- _DATA PROVIDED_:
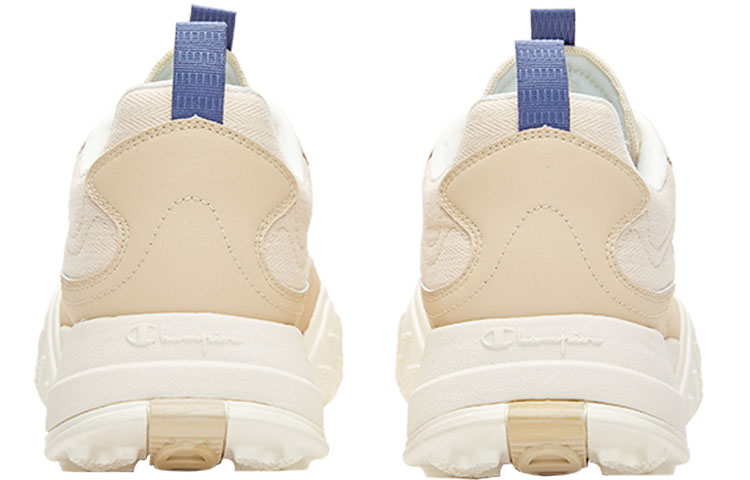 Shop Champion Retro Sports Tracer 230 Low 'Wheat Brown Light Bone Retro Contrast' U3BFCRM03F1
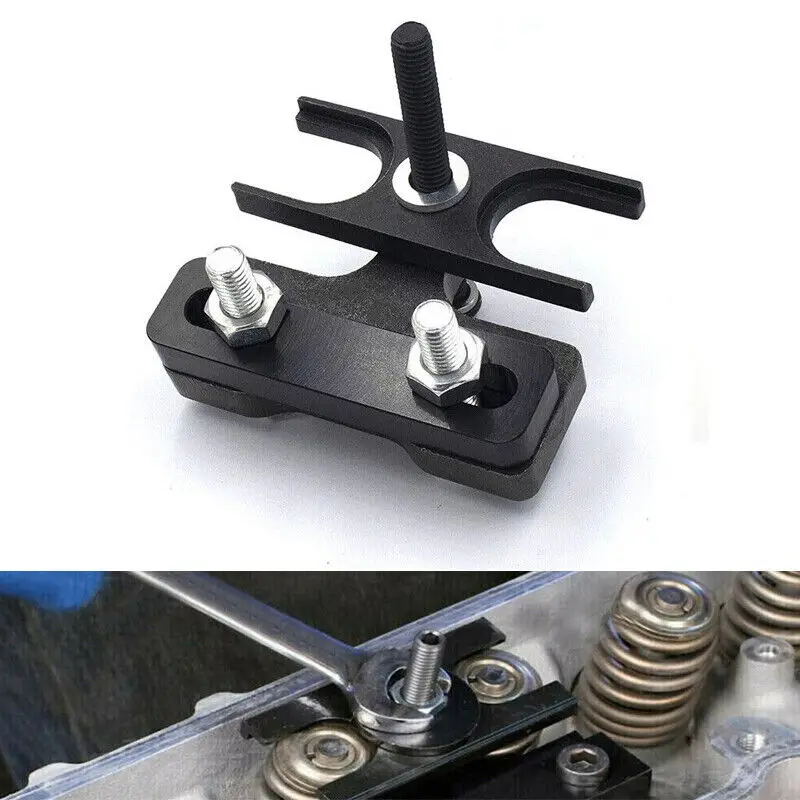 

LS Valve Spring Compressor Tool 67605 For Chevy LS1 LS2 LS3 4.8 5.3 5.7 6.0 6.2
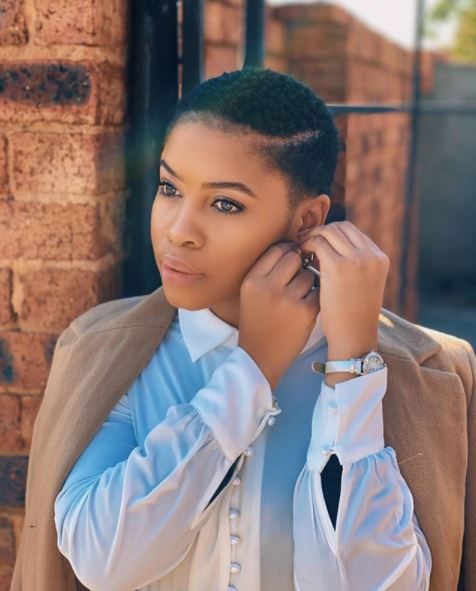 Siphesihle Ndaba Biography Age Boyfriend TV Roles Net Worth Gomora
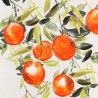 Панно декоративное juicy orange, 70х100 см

- _YOUR INSTRUCTIONS_:
Transcribe exactly the line that contains "Siphesihle Ndaba Biography" and each line after it through the end of the listing. Leave out the pictures.

- _RESPONSE BELOW_:
 Siphesihle Ndaba Biography Age Boyfriend TV Roles Net Worth Gomora
 Панно декоративное juicy orange, 70х100 см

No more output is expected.